Al mismo tiempo, el desamparo, constituye otro tipo de reconocimiento en tanto al hecho mismo de ser libres, este tiene que ver con la soledad. Solos elegimos, nadie nos dice que debemos hacer o no; aun cuando decidimos no elegir, estamos haciendo un uso particular de elección. Si Dios no existe, no existe tampoco un código de moralidad absoluta; que nos oriente con respecto a aquello que debamos hacer o no, ante cualquier situación. Es nuestro mismo ser, desde su yo, quien se ha impuesto valores, por tanto se encuentra solo en la difícil tarea de tomar sus propias decisiones.

Finalmente la desesperación tiene que ver con el impacto que puede tener, en otros, nuestras acciones o simplemente los códigos morales que nos hemos inventado para vivir; estos no tienen por qué ser los que la humanidad, en su generalidad, impone o decide. Ante la difícil misión de revelarnos como seres cada vez más individuales, ante una mayor colectividad, se siente un estado de desesperación.

Entretanto, según la mirada sartreana, sentimos que es lastimada nuestra libertad, pues se encuentra la presencia de un otro, que nos hace dejar de ser sujetos para ser objetos de esa conciencia otra, luego aún cuando seamos conciencia de nosotros mismos, lo somos a partir de ser conciencia de otros, por tanto no por ser una intromisión deja de ser necesaria. Esto nos indica que nuestra libertad, será tal, en cuanto a la libertad de otras personas.
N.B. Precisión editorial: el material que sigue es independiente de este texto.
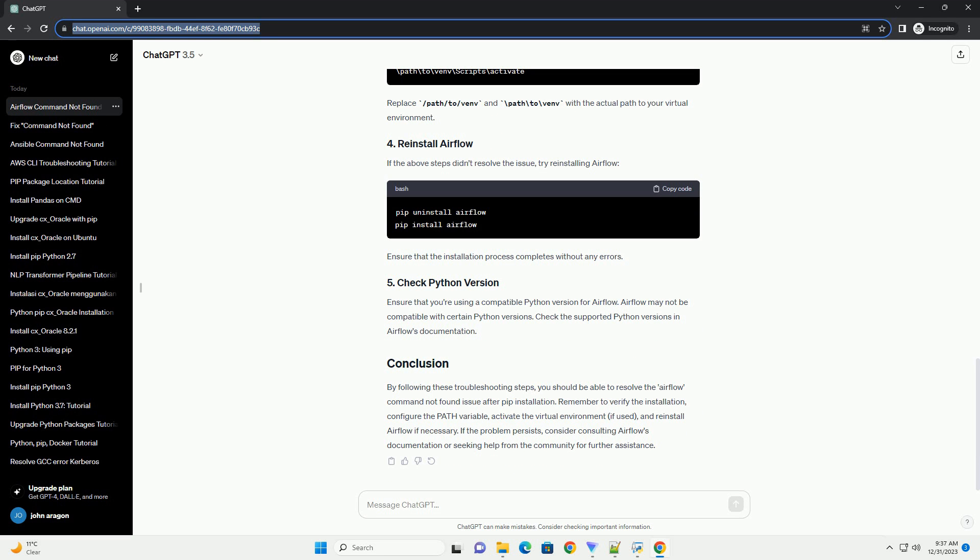If you installed Airflow within a virtual environment, make sure the virtual environment is activated in your terminal or command prompt before running the Airflow command. Activate the virtual environment.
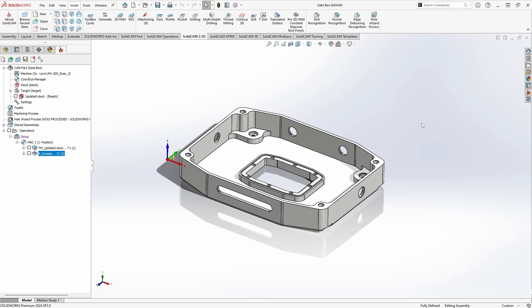Hello everybody and welcome back to the SolidCAM introductory series. In this video we're going to cover profile operations.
Así mismo esta idea regenera el uso de la intersubjetividad para con nuestra libertad, a través del reconocimiento de un otro, valoramos nuestra realidad intrínseca.

Es fantástica, la manera en la que Sartre, puede hacer que su filosofía sea tan pesimista y optimista a la vez. Pesimista, pues muchos pudiesen pensar en que es muy injusto creer en que el ser humano puede tener siempre control sobre su vida, fundamentalmente, para quienes no lo han logrado; pero se hace muy optimista también la base de esta misma concepción, es increíble pensar que solo existimos en correspondencia a nuestros propios deseos; en creer que seamos pura subjetividad, en tanto inventamos nuestra propia existencia.